KOMENTARZ
Dorota Sierakowska
Analityk, Dom Maklerski BOŚ
Strona popytowa na rynku ropy naftowej nie odpuszcza. Wczoraj notowania europejskiej ropy Brent zwyżkowały o 1,3 proc., a cena amerykańskiej ropy WTI wzrosła o ponad 2 proc. Większa dynamika zwyżki na wykresie ropy za oceanem miała swoje uzasadnienie, ponieważ ceny tego surowca zostały wyniesione w górę przede wszystkim ze względu na dane dotyczące zapasów ropy naftowej w Stanach Zjednoczonych.
Amerykański Instytut Paliw (American Petroleum Institute, API) podał w swoim cotygodniowym raporcie, że w minionym tygodniu zapasy ropy naftowej spadły aż o 5,1 mln baryłek do poziomu 536,8 mln baryłek. Sama zniżka zapasów nie jest niespodzianką, ponieważ zmniejszył się import ropy naftowej z Kanady, walczącej z pożarami lasów i obecnie dopiero powoli wznawiającą wydobycie tego surowca (szacuje się, że w wyniku klęski żywiołowej w Kanadzie produkcja ropy spadła nawet o 1,5 mln baryłek dziennie). Jednak spadek zaprezentowany przez API był praktycznie dwa razy większy niż oczekiwano na rynku.
Obecnie inwestorzy czekają na potwierdzenie szacunków instytutu – dzisiaj ma zostać opublikowany cotygodniowy raport amerykańskiego Departamentu Energii (DoE), który również poda wyliczenia dotyczące zapasów paliw w USA, jednak w oparciu o większą ilość danych niż API. Z tego powodu inwestorzy uznają raport DoE za bardziej wiarygodny.

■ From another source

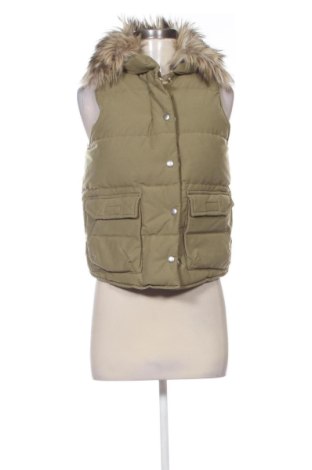 Női mellény Ralph Lauren Denim & Supply, Méret S, Szín Zöld, Ár 23 759 Ft, #137960978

Notowania ropy naftowej WTI – dane dzienne
Jeśli dane o dużym spadku zapasów się potwierdzą, to możliwe jest pozostanie notowań ropy naftowej na wypracowanych wczoraj poziomach, przekraczających 49 USD za baryłkę, a nawet próba dotarcia do technicznego oporu na poziomie 50 USD za baryłkę. Jednak jest to już ważna psychologiczna bariera, dlatego jej pokonanie będzie trudne.